Poems

Poems of the Week

THREE POEMS BY LI-YOUNG LEE

In His Own Shadow

He is seated in the first darkness
of his body sitting in the lighter dark
of the room,

the greater light of day behind him,
beyond the windows, where
Time is the country.

His body throws two shadows:
One onto the table
and the piece of paper before him,
and one onto his mind.

One makes it difficult for him to see
the words he’s written and crossed out
on the paper. The other
keeps him from recognizing
another master than Death. He squints.
He reads: Does the first light hide
inside the first dark?

He reads: While all bodies Share
the same fate, all voices do not.

Become Becoming

Wait for evening.
Then you’ll be alone.

Wait for the playground to empty.
Then call out those companions from childhood:

The one who closed his eyes
and pretended to be invisible.
The one to whom you told every secret.
The one who made a world of any hiding place.

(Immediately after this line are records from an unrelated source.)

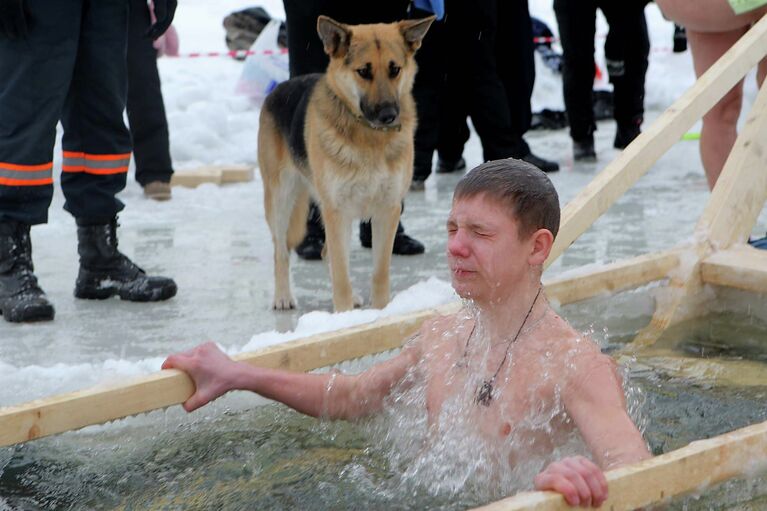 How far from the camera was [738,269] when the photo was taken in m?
3.98

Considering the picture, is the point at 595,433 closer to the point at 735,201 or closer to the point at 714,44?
the point at 735,201

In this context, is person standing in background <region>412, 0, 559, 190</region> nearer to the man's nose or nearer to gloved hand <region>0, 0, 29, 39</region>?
gloved hand <region>0, 0, 29, 39</region>

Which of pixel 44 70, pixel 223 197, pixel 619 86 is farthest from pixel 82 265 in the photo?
pixel 619 86

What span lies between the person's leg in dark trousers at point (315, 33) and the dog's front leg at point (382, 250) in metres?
0.91

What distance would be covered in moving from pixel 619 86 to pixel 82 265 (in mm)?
4348

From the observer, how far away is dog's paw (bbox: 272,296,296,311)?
458 cm

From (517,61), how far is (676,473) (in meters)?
5.20

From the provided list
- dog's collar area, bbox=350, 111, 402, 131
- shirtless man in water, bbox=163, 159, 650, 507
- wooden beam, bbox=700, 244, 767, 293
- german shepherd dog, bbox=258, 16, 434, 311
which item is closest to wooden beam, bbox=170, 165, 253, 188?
german shepherd dog, bbox=258, 16, 434, 311

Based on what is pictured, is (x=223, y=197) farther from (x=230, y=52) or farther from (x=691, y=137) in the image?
(x=230, y=52)

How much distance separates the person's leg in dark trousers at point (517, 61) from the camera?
23.0 ft

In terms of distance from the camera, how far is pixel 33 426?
264 centimetres

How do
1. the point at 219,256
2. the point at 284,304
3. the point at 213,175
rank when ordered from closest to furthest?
the point at 284,304 < the point at 219,256 < the point at 213,175

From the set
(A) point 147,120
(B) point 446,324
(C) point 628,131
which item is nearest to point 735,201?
(B) point 446,324

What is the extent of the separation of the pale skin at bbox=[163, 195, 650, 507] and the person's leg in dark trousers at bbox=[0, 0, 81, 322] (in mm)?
1686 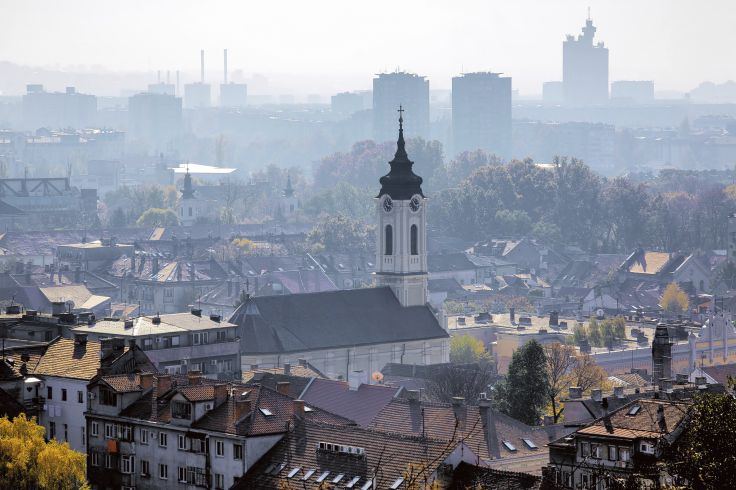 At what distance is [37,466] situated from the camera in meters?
49.2

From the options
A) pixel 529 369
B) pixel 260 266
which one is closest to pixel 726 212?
pixel 260 266

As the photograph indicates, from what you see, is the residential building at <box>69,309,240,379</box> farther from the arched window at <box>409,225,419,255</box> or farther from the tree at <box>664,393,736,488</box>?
the tree at <box>664,393,736,488</box>

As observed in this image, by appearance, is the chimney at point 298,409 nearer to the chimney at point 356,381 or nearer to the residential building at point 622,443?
the residential building at point 622,443

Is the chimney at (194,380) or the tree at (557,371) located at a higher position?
the chimney at (194,380)

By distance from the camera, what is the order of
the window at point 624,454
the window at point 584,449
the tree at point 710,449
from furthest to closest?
the window at point 584,449 < the window at point 624,454 < the tree at point 710,449

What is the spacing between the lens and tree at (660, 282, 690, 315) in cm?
12001

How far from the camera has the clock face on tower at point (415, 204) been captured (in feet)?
284

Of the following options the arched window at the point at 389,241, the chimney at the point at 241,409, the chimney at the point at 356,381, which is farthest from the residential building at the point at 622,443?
the arched window at the point at 389,241

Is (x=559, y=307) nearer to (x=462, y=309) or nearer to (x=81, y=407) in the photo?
(x=462, y=309)

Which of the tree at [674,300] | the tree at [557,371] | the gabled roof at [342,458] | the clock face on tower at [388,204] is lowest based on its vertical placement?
the tree at [674,300]

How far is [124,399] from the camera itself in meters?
51.7

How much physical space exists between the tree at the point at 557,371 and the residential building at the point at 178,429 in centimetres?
1352

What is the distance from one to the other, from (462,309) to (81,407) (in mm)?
66732

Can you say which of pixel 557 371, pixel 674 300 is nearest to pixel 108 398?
pixel 557 371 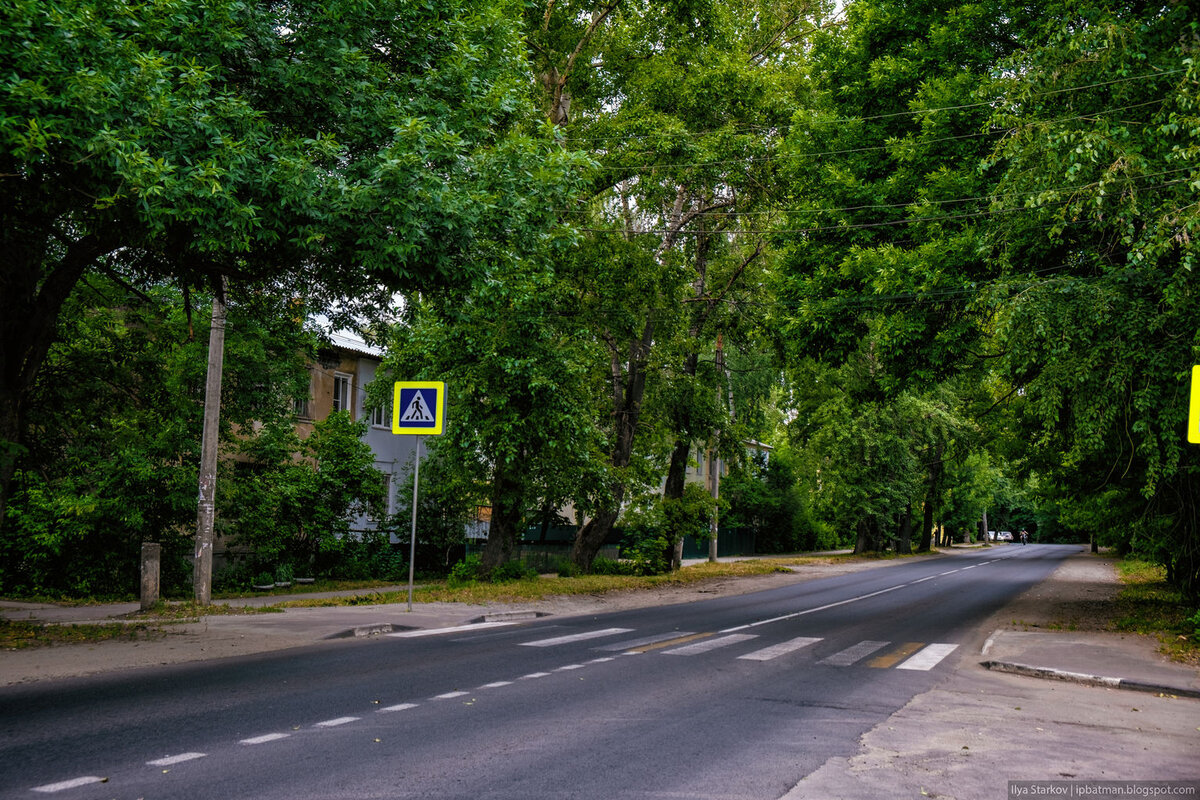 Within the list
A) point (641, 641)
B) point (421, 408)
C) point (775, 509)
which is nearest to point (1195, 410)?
point (641, 641)

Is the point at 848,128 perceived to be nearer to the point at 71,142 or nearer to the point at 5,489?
the point at 71,142

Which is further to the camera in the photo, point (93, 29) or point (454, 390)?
point (454, 390)

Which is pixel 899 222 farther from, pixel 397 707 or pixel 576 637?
pixel 397 707

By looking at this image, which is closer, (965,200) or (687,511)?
(965,200)

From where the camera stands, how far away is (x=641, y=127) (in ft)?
67.4

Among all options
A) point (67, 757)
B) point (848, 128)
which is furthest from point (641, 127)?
point (67, 757)

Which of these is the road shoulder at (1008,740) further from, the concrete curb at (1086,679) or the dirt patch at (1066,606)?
the dirt patch at (1066,606)

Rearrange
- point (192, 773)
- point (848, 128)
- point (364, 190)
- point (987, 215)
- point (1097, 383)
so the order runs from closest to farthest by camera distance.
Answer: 1. point (192, 773)
2. point (364, 190)
3. point (1097, 383)
4. point (987, 215)
5. point (848, 128)

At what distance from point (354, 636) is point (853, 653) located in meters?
6.83

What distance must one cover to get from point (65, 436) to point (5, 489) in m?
7.58

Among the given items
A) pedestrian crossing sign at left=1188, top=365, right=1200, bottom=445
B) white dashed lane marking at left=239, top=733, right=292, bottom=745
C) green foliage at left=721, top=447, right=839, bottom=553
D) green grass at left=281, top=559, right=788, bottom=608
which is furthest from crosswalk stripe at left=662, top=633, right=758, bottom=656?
green foliage at left=721, top=447, right=839, bottom=553

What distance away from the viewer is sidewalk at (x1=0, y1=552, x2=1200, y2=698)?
385 inches

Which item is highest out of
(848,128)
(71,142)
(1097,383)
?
(848,128)

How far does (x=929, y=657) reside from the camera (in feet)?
39.4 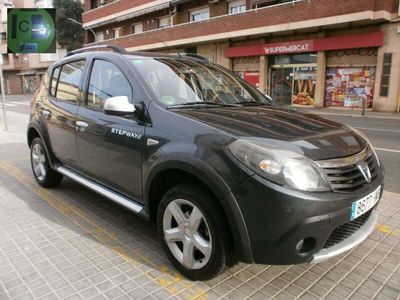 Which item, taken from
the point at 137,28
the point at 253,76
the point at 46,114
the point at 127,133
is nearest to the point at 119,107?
the point at 127,133

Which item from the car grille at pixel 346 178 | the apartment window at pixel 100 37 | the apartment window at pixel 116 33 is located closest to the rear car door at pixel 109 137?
the car grille at pixel 346 178

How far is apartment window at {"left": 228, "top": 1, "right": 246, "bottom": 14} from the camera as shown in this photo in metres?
23.2

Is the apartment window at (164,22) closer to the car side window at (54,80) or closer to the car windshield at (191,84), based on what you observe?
the car side window at (54,80)

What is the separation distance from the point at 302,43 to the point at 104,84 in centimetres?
1842

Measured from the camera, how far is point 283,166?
2.26 m

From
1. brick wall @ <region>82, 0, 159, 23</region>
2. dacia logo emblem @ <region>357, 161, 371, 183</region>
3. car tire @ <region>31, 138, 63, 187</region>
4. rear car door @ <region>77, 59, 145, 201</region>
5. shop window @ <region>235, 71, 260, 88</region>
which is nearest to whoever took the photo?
dacia logo emblem @ <region>357, 161, 371, 183</region>

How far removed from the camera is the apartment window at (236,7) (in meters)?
23.2

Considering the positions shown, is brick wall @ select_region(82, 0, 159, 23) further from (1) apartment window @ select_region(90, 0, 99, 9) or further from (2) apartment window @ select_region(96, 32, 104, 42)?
(2) apartment window @ select_region(96, 32, 104, 42)

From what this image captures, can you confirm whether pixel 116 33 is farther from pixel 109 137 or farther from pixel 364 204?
pixel 364 204

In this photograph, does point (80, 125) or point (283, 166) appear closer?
point (283, 166)

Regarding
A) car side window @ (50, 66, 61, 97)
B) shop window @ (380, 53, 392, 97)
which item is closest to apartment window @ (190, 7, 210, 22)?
shop window @ (380, 53, 392, 97)

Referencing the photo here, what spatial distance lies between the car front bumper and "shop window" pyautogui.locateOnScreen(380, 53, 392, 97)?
17.4 metres

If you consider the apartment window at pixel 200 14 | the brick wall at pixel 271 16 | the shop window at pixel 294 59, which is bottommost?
the shop window at pixel 294 59

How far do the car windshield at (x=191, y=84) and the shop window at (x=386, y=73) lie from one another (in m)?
15.9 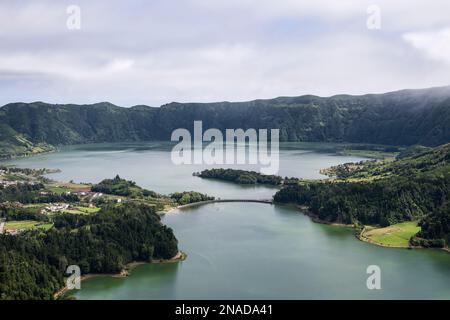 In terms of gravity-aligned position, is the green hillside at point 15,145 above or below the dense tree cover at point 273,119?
below

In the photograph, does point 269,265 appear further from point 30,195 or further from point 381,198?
point 30,195

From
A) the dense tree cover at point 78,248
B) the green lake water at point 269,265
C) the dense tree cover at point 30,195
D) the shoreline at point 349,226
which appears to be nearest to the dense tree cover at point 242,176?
the green lake water at point 269,265

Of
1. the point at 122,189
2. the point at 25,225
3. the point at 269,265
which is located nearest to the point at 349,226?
the point at 269,265

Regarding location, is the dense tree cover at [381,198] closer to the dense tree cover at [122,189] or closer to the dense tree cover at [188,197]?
the dense tree cover at [188,197]

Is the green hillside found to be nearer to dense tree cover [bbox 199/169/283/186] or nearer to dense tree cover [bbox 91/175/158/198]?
dense tree cover [bbox 199/169/283/186]

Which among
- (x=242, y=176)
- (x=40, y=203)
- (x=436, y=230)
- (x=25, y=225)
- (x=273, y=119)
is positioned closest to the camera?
(x=436, y=230) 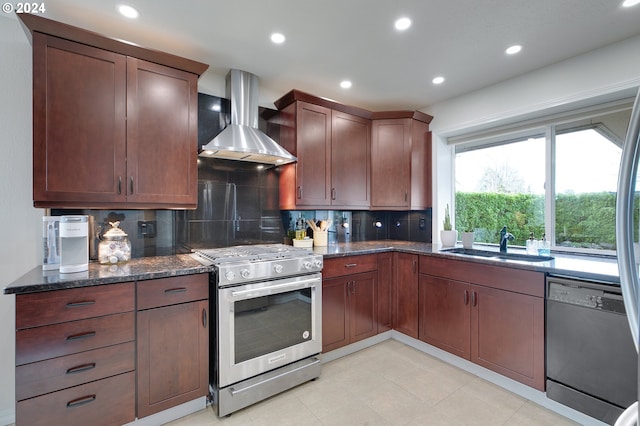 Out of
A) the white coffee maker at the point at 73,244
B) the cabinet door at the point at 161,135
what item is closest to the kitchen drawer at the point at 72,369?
the white coffee maker at the point at 73,244

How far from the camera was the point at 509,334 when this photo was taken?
218 centimetres

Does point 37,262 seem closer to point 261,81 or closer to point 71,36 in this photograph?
point 71,36

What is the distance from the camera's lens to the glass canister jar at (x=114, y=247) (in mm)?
2061

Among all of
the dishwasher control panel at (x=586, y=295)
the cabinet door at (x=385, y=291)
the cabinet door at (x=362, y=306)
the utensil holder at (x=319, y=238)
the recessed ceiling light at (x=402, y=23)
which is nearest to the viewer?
the dishwasher control panel at (x=586, y=295)

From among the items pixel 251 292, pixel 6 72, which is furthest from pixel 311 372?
pixel 6 72

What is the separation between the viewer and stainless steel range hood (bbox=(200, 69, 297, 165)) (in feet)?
7.99

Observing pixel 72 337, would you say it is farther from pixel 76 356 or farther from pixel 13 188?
pixel 13 188

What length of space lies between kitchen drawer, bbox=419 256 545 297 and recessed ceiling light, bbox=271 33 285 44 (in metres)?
2.22

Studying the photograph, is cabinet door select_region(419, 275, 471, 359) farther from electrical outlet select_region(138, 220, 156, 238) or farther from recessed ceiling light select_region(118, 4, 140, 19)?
recessed ceiling light select_region(118, 4, 140, 19)

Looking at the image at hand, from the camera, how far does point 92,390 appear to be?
1.64 meters

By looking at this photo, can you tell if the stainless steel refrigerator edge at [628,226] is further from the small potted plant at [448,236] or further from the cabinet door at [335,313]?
the small potted plant at [448,236]

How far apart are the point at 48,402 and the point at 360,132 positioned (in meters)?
3.25

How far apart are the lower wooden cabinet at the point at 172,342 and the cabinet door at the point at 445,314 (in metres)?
1.92

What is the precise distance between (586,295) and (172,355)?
2.63 metres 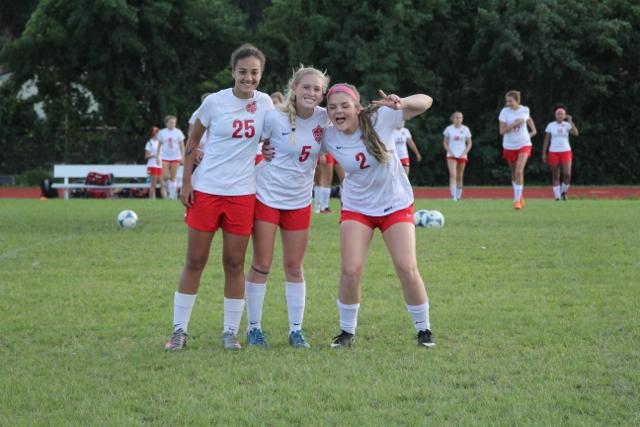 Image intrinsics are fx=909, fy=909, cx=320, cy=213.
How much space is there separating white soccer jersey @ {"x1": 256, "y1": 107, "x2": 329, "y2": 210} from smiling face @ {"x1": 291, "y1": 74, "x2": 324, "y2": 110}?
145 mm

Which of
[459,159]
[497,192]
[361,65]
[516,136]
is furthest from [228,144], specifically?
[361,65]

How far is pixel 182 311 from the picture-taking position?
591 cm

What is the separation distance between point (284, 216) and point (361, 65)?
1082 inches

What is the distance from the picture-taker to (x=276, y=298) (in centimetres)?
777

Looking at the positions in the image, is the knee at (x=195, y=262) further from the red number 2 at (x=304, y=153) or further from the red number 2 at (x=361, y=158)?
the red number 2 at (x=361, y=158)

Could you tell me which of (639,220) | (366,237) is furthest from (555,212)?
(366,237)

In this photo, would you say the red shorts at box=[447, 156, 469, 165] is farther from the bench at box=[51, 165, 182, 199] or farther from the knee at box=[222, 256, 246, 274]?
the knee at box=[222, 256, 246, 274]

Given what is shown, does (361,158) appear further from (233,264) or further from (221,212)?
(233,264)

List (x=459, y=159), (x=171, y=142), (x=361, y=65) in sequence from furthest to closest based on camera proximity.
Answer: (x=361, y=65) → (x=171, y=142) → (x=459, y=159)

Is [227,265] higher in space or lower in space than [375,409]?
higher

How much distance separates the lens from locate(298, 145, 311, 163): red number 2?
232 inches

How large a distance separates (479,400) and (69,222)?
474 inches

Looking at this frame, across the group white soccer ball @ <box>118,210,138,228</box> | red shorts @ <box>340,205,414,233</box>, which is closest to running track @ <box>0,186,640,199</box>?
white soccer ball @ <box>118,210,138,228</box>

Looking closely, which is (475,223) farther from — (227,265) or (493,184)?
(493,184) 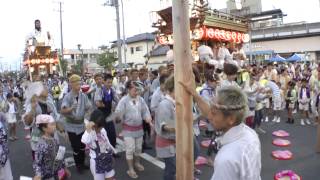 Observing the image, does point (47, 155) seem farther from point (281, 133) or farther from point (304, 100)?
point (304, 100)

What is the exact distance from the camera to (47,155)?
447 centimetres

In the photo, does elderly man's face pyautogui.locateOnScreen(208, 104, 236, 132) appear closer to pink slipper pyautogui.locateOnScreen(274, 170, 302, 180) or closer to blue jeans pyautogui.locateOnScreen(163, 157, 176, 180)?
blue jeans pyautogui.locateOnScreen(163, 157, 176, 180)

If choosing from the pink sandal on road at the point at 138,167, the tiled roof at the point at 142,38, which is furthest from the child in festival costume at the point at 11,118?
the tiled roof at the point at 142,38

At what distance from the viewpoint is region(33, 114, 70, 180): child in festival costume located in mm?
4410

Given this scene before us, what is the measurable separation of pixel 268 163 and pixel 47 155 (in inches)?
180

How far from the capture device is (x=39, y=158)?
441 cm

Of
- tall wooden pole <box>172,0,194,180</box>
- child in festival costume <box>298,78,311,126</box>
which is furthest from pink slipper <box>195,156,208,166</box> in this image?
child in festival costume <box>298,78,311,126</box>

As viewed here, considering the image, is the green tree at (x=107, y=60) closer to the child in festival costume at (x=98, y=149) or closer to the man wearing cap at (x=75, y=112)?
the man wearing cap at (x=75, y=112)

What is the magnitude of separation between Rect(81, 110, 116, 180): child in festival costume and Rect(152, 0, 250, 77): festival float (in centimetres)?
967

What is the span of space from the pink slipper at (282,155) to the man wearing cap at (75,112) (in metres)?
4.00

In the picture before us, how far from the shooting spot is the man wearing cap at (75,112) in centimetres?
674

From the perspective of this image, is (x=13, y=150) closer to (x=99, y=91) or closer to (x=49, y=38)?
(x=99, y=91)

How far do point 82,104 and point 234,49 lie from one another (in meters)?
14.4

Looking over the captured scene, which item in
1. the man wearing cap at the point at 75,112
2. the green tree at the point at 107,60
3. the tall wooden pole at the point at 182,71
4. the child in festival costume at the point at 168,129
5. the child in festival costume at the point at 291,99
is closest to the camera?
the tall wooden pole at the point at 182,71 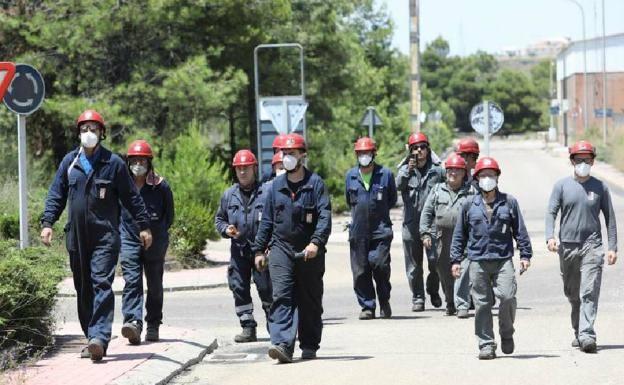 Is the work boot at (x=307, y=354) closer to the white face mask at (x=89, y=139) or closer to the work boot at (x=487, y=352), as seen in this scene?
the work boot at (x=487, y=352)

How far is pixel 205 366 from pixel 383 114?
142 feet

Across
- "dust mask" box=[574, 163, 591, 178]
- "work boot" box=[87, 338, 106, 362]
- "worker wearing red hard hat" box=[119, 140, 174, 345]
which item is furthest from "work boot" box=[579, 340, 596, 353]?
"work boot" box=[87, 338, 106, 362]

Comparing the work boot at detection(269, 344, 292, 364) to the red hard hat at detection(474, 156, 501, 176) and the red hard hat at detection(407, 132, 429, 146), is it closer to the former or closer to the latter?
the red hard hat at detection(474, 156, 501, 176)

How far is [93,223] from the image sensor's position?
10797mm

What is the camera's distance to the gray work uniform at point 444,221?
48.5 feet

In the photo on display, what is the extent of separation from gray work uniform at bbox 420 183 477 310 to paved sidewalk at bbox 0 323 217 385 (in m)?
3.15

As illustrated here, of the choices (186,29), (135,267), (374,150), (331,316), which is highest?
(186,29)

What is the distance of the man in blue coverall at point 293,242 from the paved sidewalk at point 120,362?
91 cm

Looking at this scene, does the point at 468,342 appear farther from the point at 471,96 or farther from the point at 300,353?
the point at 471,96

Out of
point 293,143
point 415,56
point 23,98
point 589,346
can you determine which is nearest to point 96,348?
point 293,143

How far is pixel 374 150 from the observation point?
48.9 feet

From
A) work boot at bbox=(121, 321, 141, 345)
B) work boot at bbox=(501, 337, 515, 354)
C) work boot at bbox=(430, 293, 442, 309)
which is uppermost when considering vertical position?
work boot at bbox=(121, 321, 141, 345)

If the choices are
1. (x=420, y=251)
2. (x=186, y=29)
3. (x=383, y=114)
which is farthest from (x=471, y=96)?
(x=420, y=251)

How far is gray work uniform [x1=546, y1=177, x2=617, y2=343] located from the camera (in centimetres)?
1180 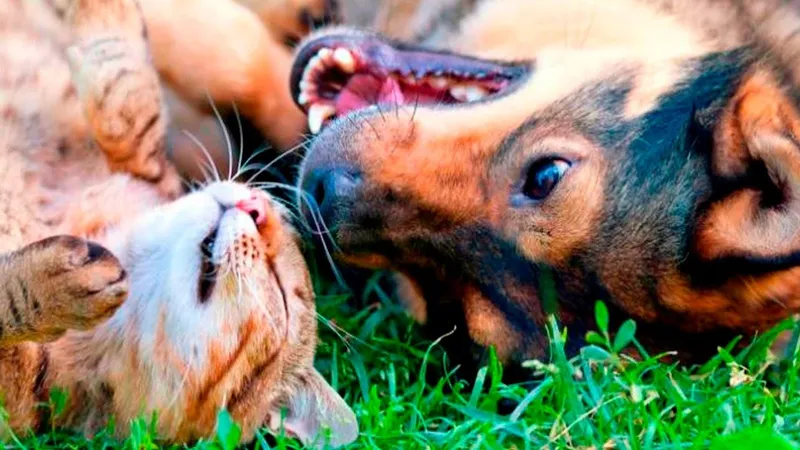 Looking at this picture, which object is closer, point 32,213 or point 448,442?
point 448,442

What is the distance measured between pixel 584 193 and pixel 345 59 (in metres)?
0.98

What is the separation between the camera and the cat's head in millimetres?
3766

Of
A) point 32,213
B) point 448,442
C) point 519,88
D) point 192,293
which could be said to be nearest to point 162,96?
point 32,213

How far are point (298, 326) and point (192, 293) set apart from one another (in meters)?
0.37

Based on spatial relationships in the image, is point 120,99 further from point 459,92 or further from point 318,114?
point 459,92

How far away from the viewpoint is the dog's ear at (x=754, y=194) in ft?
12.0

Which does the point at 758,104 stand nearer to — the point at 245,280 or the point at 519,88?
the point at 519,88

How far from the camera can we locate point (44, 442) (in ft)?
12.2

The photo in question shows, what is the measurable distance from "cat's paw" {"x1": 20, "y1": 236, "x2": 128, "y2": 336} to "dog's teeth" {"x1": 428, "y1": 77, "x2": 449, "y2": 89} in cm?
129

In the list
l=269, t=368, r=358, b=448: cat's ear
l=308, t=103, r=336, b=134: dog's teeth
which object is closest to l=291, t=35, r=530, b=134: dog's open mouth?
l=308, t=103, r=336, b=134: dog's teeth

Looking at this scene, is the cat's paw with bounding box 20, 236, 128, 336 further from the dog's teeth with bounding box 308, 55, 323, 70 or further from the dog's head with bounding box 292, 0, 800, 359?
the dog's teeth with bounding box 308, 55, 323, 70

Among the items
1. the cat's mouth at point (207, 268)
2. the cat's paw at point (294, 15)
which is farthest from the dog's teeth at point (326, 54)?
the cat's mouth at point (207, 268)

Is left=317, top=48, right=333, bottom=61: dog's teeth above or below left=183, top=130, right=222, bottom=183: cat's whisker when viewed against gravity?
above

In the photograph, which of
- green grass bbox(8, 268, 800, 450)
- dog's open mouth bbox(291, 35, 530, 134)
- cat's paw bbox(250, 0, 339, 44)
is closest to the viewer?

And don’t forget the one who listened in silence
while you wondered out loud:

Is the universe an empty mirror? A flowering tree?
Is the universe the sleep of a woman?

Wait for the sky’s last blue
(the color of homesickness).
Then you’ll know the answer.

Wait for the air’s first gold (that color of Amen).
Then you’ll spy the wind’s barefoot steps.

Then you’ll recall that story beginning
with a child who strays in the woods.

. .

The search for him goes on in the growing
shadow of the clock.

And the face behind the clock’s face
is not his father’s face.

And the hands behind the clock’s hands
are not his mother’s hands.

All of Time began when you first answered
to the names your mother and father gave you.

Soon, those names will travel with the leaves.
Then, you can trade places with the wind.

Then you’ll remember your life
as books of candles,
each page read by the light of its own burning.

Little Ache

That sparrow on the iron railing,
Not worth a farthing, purchases a realm
Its shrill cries measure, trading
Dying for being.

It’s up to no good,
Out to overturn a kingdom
Just by swooping into the right kitchen,
Or upsetting somebody’s aim.

For my pleasure, I’ll call it Good News,
Or Little Egypt. For my delight,

I’ll think of it as needle and thread.
Or a breathing remnant
Restored to a living cloth.
Or scissors
Trimming lament
To allow for everything I don’t know.

For my happiness, I’ll call it
Pocket Dictionary Full of Words in Another Language.

For my gladness, Feathered Interval, The Deciding Gram,
Geronimo.

For nothing, Monument to the Nano.

*all from Behind My Eyes, W. W. Norton, 2008.